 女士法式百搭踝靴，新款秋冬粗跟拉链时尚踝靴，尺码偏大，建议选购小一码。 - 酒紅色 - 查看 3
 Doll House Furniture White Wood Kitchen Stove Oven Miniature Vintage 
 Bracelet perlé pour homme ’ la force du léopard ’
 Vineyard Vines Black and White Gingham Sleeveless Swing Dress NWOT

********

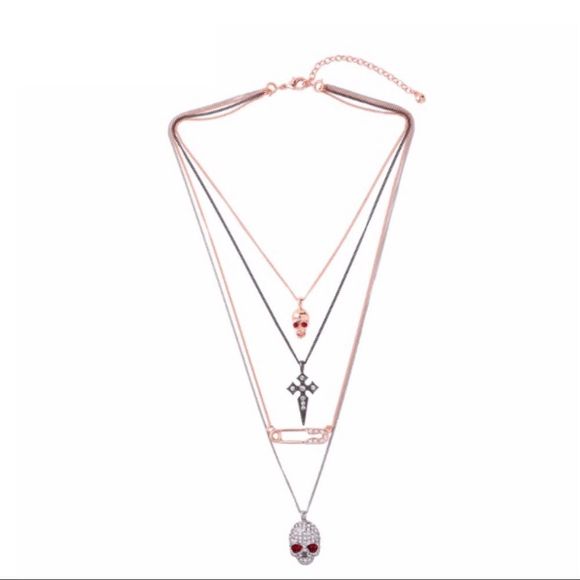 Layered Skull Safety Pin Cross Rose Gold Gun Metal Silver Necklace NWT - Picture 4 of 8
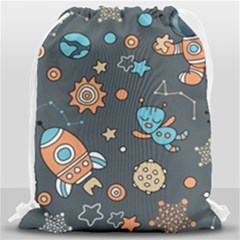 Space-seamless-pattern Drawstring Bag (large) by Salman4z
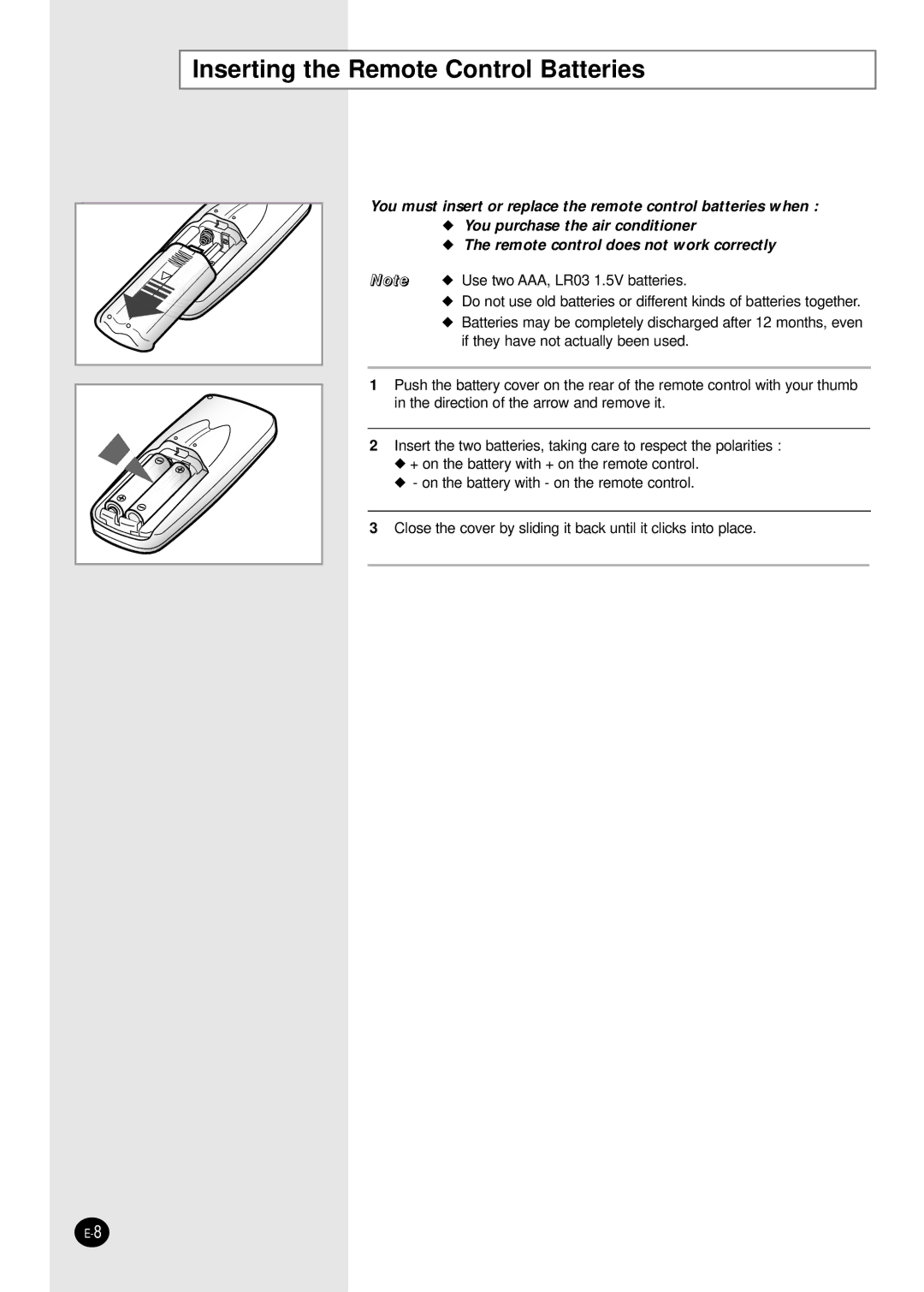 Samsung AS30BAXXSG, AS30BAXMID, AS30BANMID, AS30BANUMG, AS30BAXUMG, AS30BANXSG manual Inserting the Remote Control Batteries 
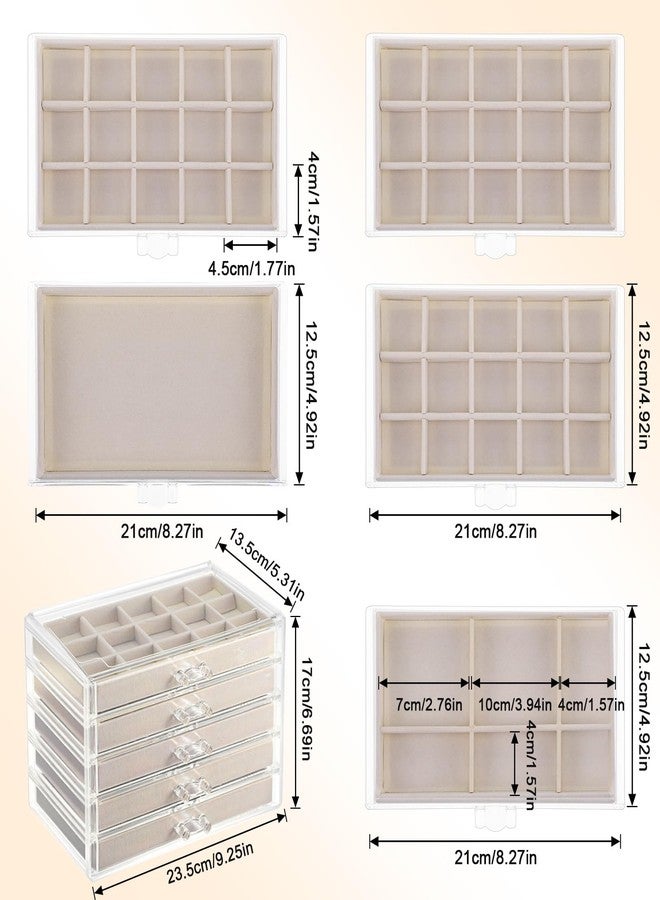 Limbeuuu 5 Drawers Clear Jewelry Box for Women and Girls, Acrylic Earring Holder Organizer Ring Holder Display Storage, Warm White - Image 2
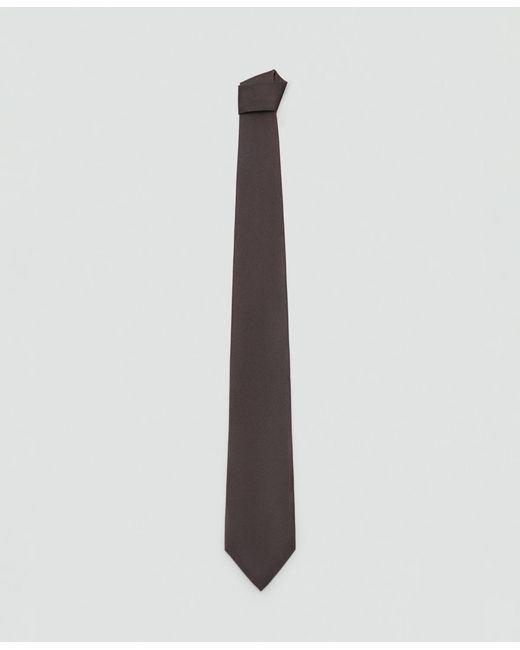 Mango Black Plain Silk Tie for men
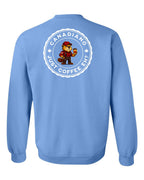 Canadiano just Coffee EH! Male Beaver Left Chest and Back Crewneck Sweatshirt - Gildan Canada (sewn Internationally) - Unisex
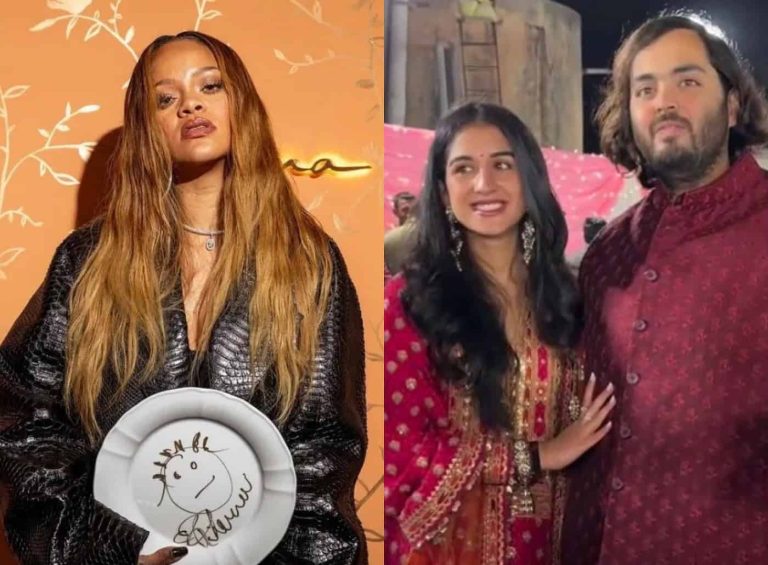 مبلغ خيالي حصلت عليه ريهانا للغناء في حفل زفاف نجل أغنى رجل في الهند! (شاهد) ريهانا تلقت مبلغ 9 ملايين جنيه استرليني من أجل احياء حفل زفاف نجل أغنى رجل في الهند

********

- [Problem description]: Within the material above, extract exactly the lines that start at the line containing "女士法式百搭踝靴，新款秋冬粗跟拉链时尚踝靴，尺码偏大，建议选购小一码。 - 酒紅色" and stop after the line containing "Vineyard Vines Black", and only those.

- [Written answer]:
 女士法式百搭踝靴，新款秋冬粗跟拉链时尚踝靴，尺码偏大，建议选购小一码。 - 酒紅色 - 查看 3
 Doll House Furniture White Wood Kitchen Stove Oven Miniature Vintage 
 Bracelet perlé pour homme ’ la force du léopard ’
 Vineyard Vines Black and White Gingham Sleeveless Swing Dress NWOT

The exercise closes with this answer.